А что окажется, если мы попробуем сосчитать, какова пропорция слов без окончаний форм в немецкой или французской живой речи? — На письме французская речь богата словами, имеющими определенные грамматические формы; но этими формами их снабжает условная орфография, далекая от звуков живой речи; французская орфография спрягает, например, глагол aimer так, что неопределенное наклонение aimer резко отличается от причастия aime, а живая речь не различает этих форм. Но чтобы не входить в длинные рассуждения, которые были бы нужны для разъяснения правильности счета бесформенных слов в немецком языке и в живой французской речи, оставим вопрос о преобладающем характере устройства этих языков и сделаем пробу счета бесформенных слов в английском языке. Берем для примера два первые стиха национальной английской песни и первую строфу североамериканской национальной песни.

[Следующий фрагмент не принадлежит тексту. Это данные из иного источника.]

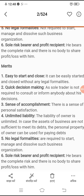Iske kuch faayde bhi hain, jinhe hum merits kahte hain. Merits mein number one hai easy to start and close — ek sole proprietorship ko bahut aasani se shuru kiya ja sakta hai aur aasani se hi khatam kiya ja sakta hai, kyunki ismein koi bhi legal formalities karne ki zarurat nahi hoti. Doosra faayda hai quick decision making — ek sole trader ko kisi se consult ya inform karne ki koi zarurat nahi hoti; sare decisions woh khud le sakta hai.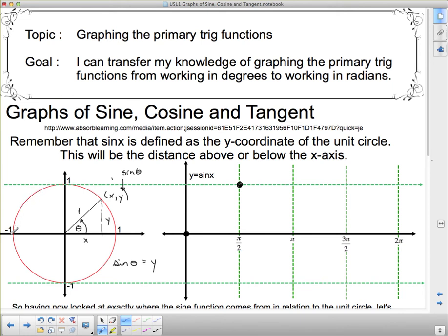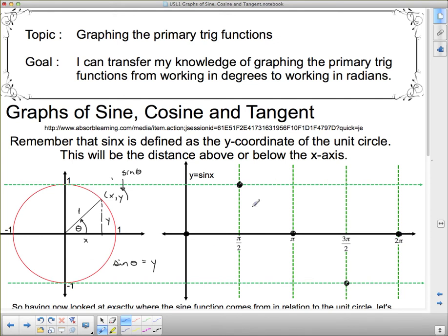When theta reaches π radians (180 degrees), we're back down to the x-axis, so height is 0 — we plot the point (π, 0). Rotating another half-pi down to 3π/2 (270 degrees), we're at negative 1. Then rotating back up completes one full rotation of 2π radians, and we're right back where we started on the x-axis, so height is 0 again. Joining these special points gives a smooth sine curve.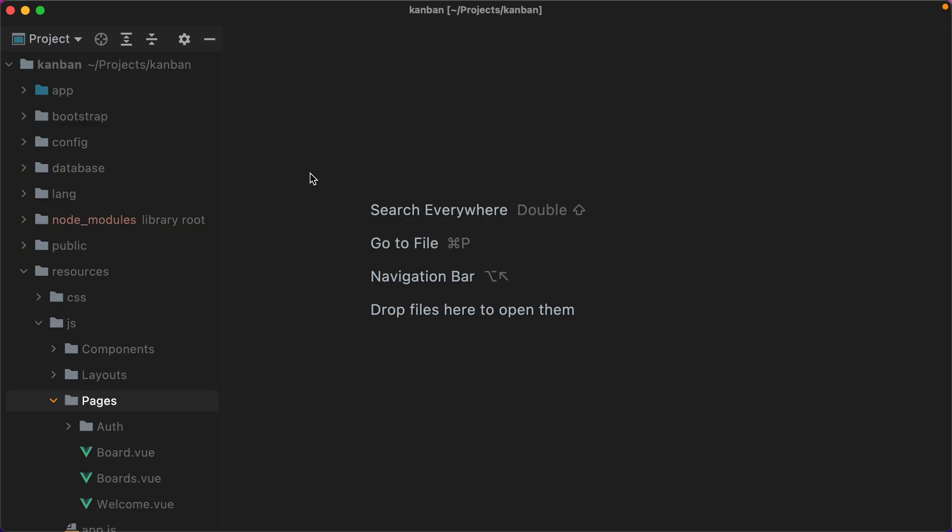I'm going to start this video with a really boring, annoying activity, and that is moving and renaming some files, mostly view components. It's just the natural progress of any project. You work and work on it, and at some point you have to move files around to keep everything nice and tidy. I know this is boring, but I want to show you the whole process, so let's get started.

Английская национальная песня начинается так:
Rule, Britania the waves,
Britons never shall be slaves.

Слова, принявшие какое-нибудь грамматическое окончание, подчеркнуты; число их — 3; другие 6 слов не имеют никакой приставки, обозначающей грамматическую форму; они бесформенны. Начало американской песни:

A Yankee boy is trim and tall
And never overfat, sir;
At dance and frolic, hop and ball
As nimble as a rat, sir.

Yankee doodle, guard your coast
Yankee doodle dandy.
Fear not then, nor threat, nor boast,
Yankee doodle dandy .

Из 42 слов только одно (is, «есть») имеет определенную грамматическую форму; все остальные бесформенны. — Такие случаи
[842]
не очень часты; но разверните любую английскую книгу, вы увидите длинные ряды бесформенных слов, прерываемые маленькими группами слов, имеющих какую-нибудь приставку для определения формы, или только одинокими такими словами.
Английский язык остается флектирующим; но он дал очень широкое владычество определению отношений между словами конструкцией речи и вспомогательными словами; потому для него достаточно очень небольшое число разных грамматических окончаний, и большинство слов в речи не имеет надобности принимать какую-нибудь приставку для связи с другими: связь и без того достаточно ясна.